Naturally, the teaming of Selig and Falk has provided an easy target for I-920 opponents. Falk, who has also opposed the federal income tax, says in his campaign material that I-920 is, in part, a crusade against "the Communist Manifesto plank number three which is: 'Abolition of all right of inheritance,'" and thinks state revenuers shouldn't be allowed to hover over estates "like vultures eager to feast." Some dark moments in Falk's background have also resurfaced. He once complained that homosexuals were "actively recruiting" Seattle's children and launched an ill-fated campaign to repeal laws preventing housing and employment discrimination of gays and lesbians. As a Seattle cop in 1978, he killed a mentally impaired, unarmed black burglary suspect, shooting him in the foot and back as he fled. (Falk's actions were found justified by an inquest jury, as questionable police shootings historically have been for four decades.)
"Dennis Falk's controversial past and fringe political views are well-known and documented," says Sandeep Kaushik, spokesperson for the No on I-920 campaign. "So it strikes us as odd that any member of the state's business establishment would endanger their own reputations by associating themselves with I-920."
Falk refuses to discuss the past or his association with Selig. "Our total focus is, and always has been, repealing Washington state's death tax," he says. "We won't be sidetracked by a smear campaign."

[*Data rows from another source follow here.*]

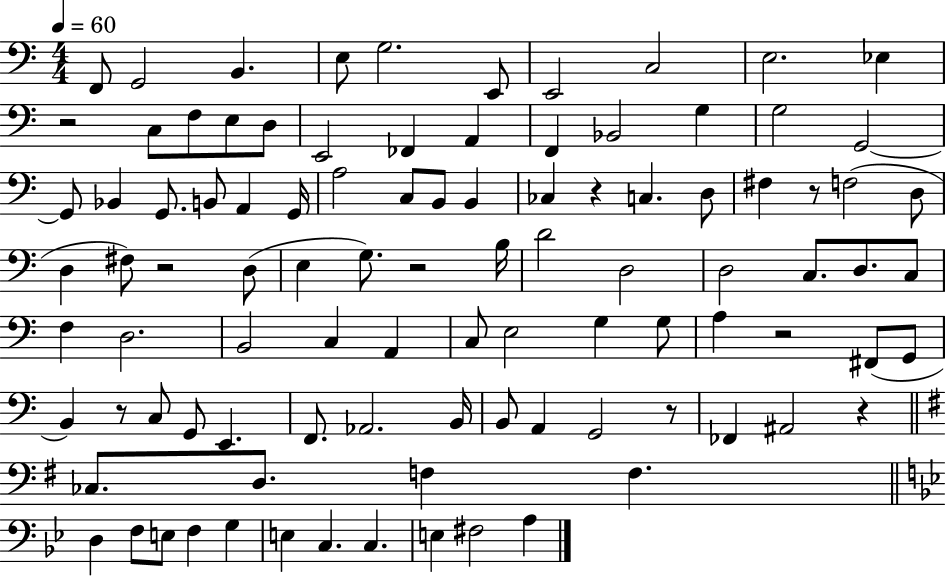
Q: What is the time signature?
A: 4/4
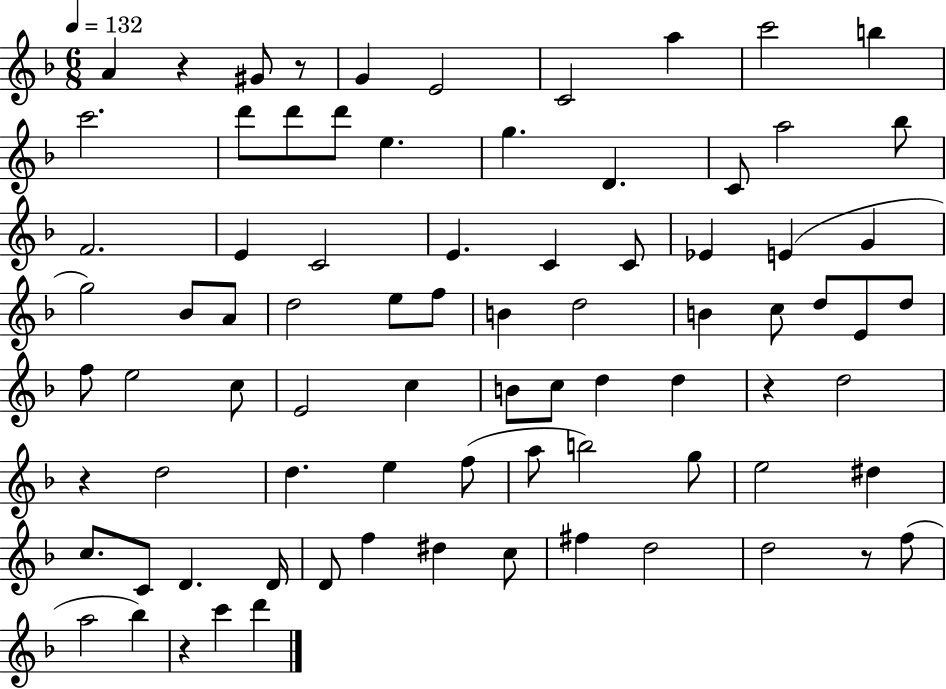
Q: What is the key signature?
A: F major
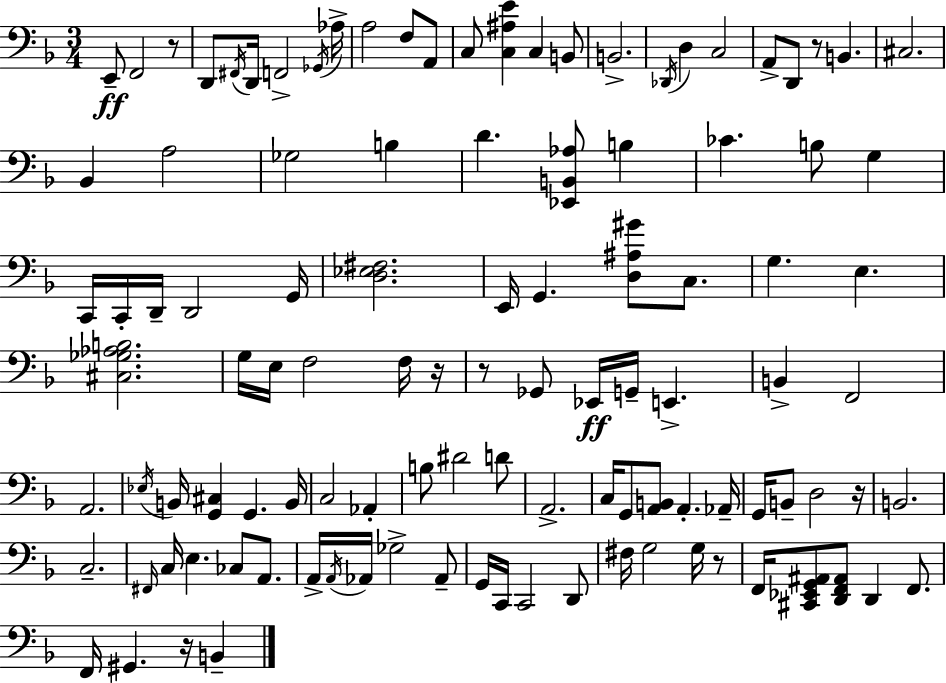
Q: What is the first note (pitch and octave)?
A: E2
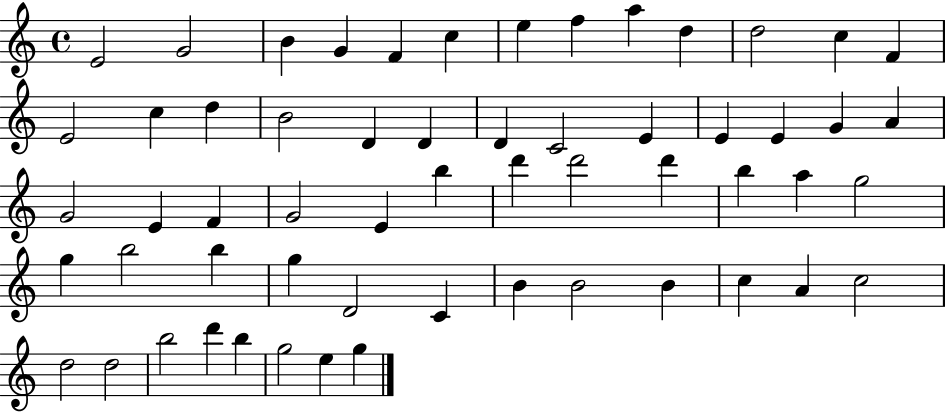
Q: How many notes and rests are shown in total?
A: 58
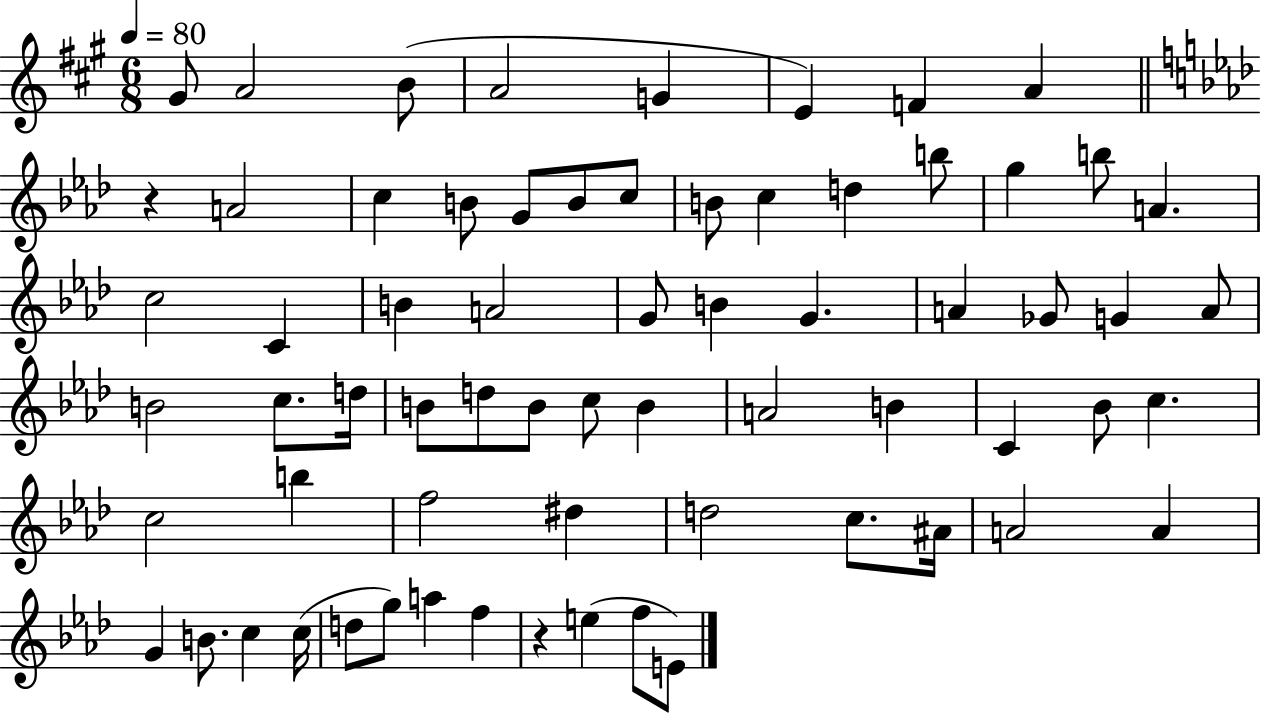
{
  \clef treble
  \numericTimeSignature
  \time 6/8
  \key a \major
  \tempo 4 = 80
  gis'8 a'2 b'8( | a'2 g'4 | e'4) f'4 a'4 | \bar "||" \break \key aes \major r4 a'2 | c''4 b'8 g'8 b'8 c''8 | b'8 c''4 d''4 b''8 | g''4 b''8 a'4. | \break c''2 c'4 | b'4 a'2 | g'8 b'4 g'4. | a'4 ges'8 g'4 a'8 | \break b'2 c''8. d''16 | b'8 d''8 b'8 c''8 b'4 | a'2 b'4 | c'4 bes'8 c''4. | \break c''2 b''4 | f''2 dis''4 | d''2 c''8. ais'16 | a'2 a'4 | \break g'4 b'8. c''4 c''16( | d''8 g''8) a''4 f''4 | r4 e''4( f''8 e'8) | \bar "|."
}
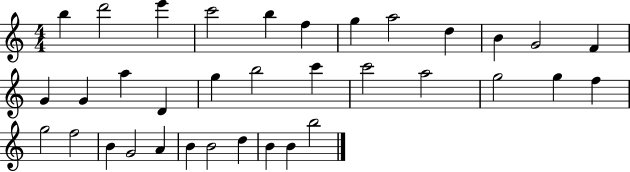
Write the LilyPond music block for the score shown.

{
  \clef treble
  \numericTimeSignature
  \time 4/4
  \key c \major
  b''4 d'''2 e'''4 | c'''2 b''4 f''4 | g''4 a''2 d''4 | b'4 g'2 f'4 | \break g'4 g'4 a''4 d'4 | g''4 b''2 c'''4 | c'''2 a''2 | g''2 g''4 f''4 | \break g''2 f''2 | b'4 g'2 a'4 | b'4 b'2 d''4 | b'4 b'4 b''2 | \break \bar "|."
}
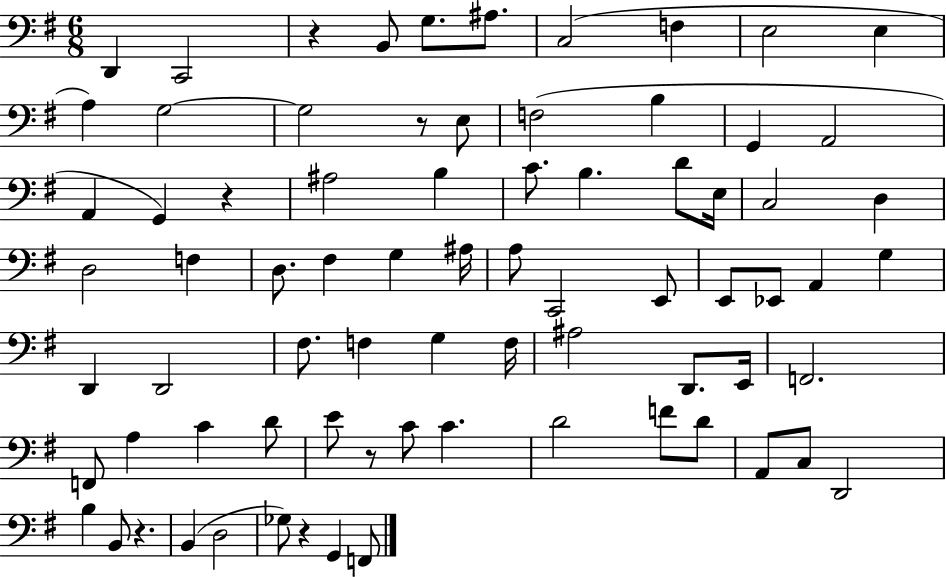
{
  \clef bass
  \numericTimeSignature
  \time 6/8
  \key g \major
  \repeat volta 2 { d,4 c,2 | r4 b,8 g8. ais8. | c2( f4 | e2 e4 | \break a4) g2~~ | g2 r8 e8 | f2( b4 | g,4 a,2 | \break a,4 g,4) r4 | ais2 b4 | c'8. b4. d'8 e16 | c2 d4 | \break d2 f4 | d8. fis4 g4 ais16 | a8 c,2 e,8 | e,8 ees,8 a,4 g4 | \break d,4 d,2 | fis8. f4 g4 f16 | ais2 d,8. e,16 | f,2. | \break f,8 a4 c'4 d'8 | e'8 r8 c'8 c'4. | d'2 f'8 d'8 | a,8 c8 d,2 | \break b4 b,8 r4. | b,4( d2 | ges8) r4 g,4 f,8 | } \bar "|."
}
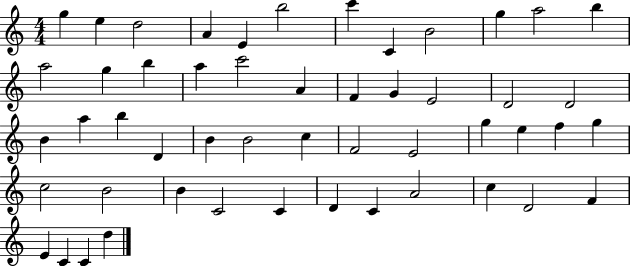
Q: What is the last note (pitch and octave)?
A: D5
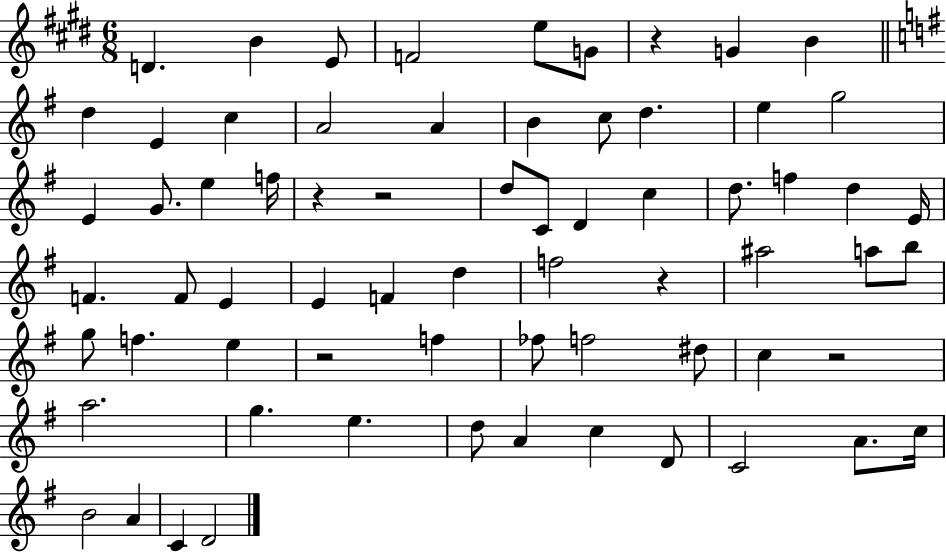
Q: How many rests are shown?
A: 6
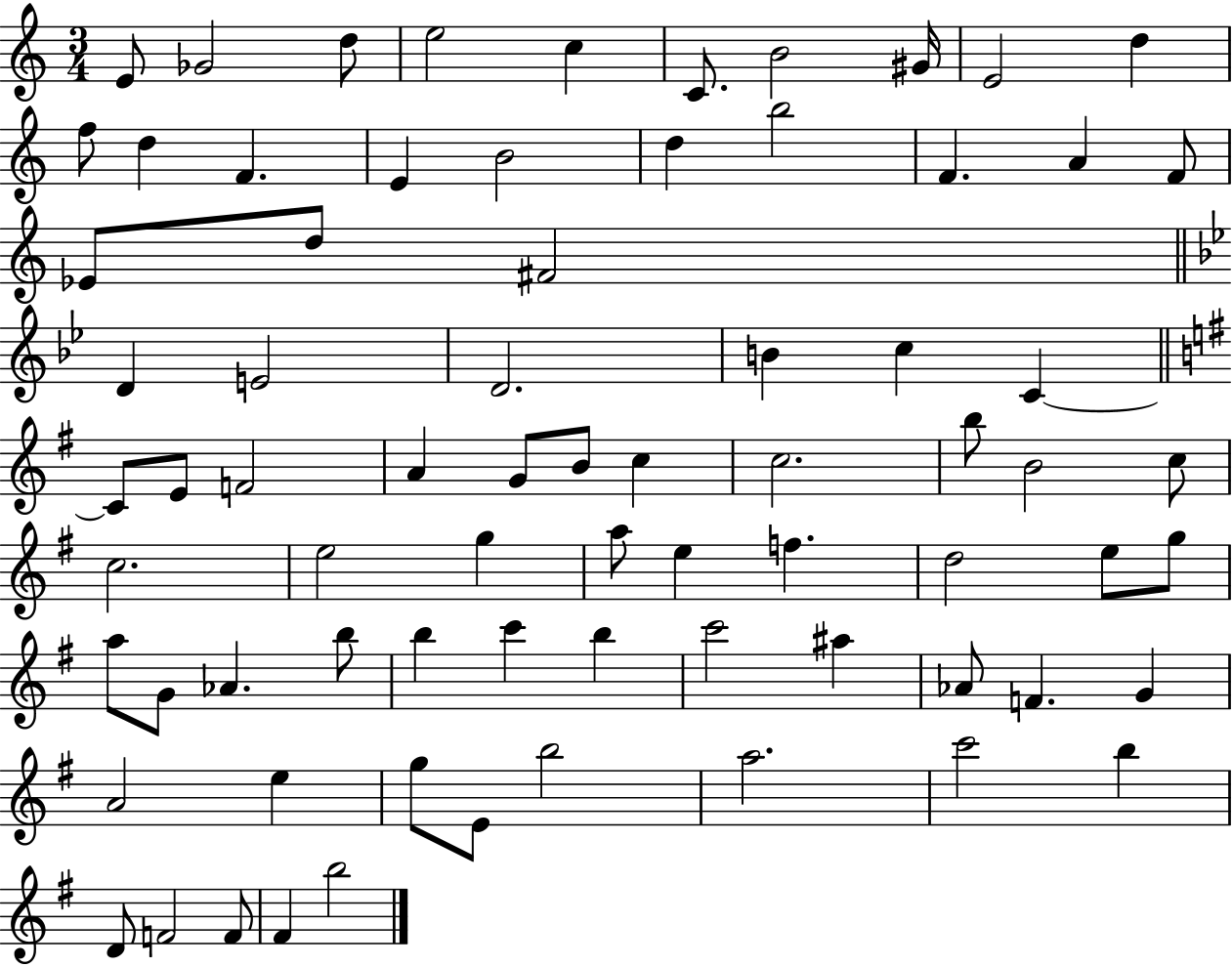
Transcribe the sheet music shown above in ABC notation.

X:1
T:Untitled
M:3/4
L:1/4
K:C
E/2 _G2 d/2 e2 c C/2 B2 ^G/4 E2 d f/2 d F E B2 d b2 F A F/2 _E/2 d/2 ^F2 D E2 D2 B c C C/2 E/2 F2 A G/2 B/2 c c2 b/2 B2 c/2 c2 e2 g a/2 e f d2 e/2 g/2 a/2 G/2 _A b/2 b c' b c'2 ^a _A/2 F G A2 e g/2 E/2 b2 a2 c'2 b D/2 F2 F/2 ^F b2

It may just be capitalist principle at stake for Selig: the notion that it's unfair to make successful people pay special taxes simply for being rich. Yet wouldn't his heirs and empire benefit from smaller school classes and a potentially better educated workforce?
"Marty's just had such a run of luck with the Bush-Republican federal tax policies, and actually believes the crap economics they're based on," observes a longtime associate, "that he probably thinks he's doing something for someone other than himself."
"He's very practical [and] focused -- if cunning -- in his pursuit," says Peter Steinbrueck. "He keeps his eye on the prize, whatever it takes. That's Marty the developer and, I guess, now Marty the politician."
This article first appeared in Seattle Weekly.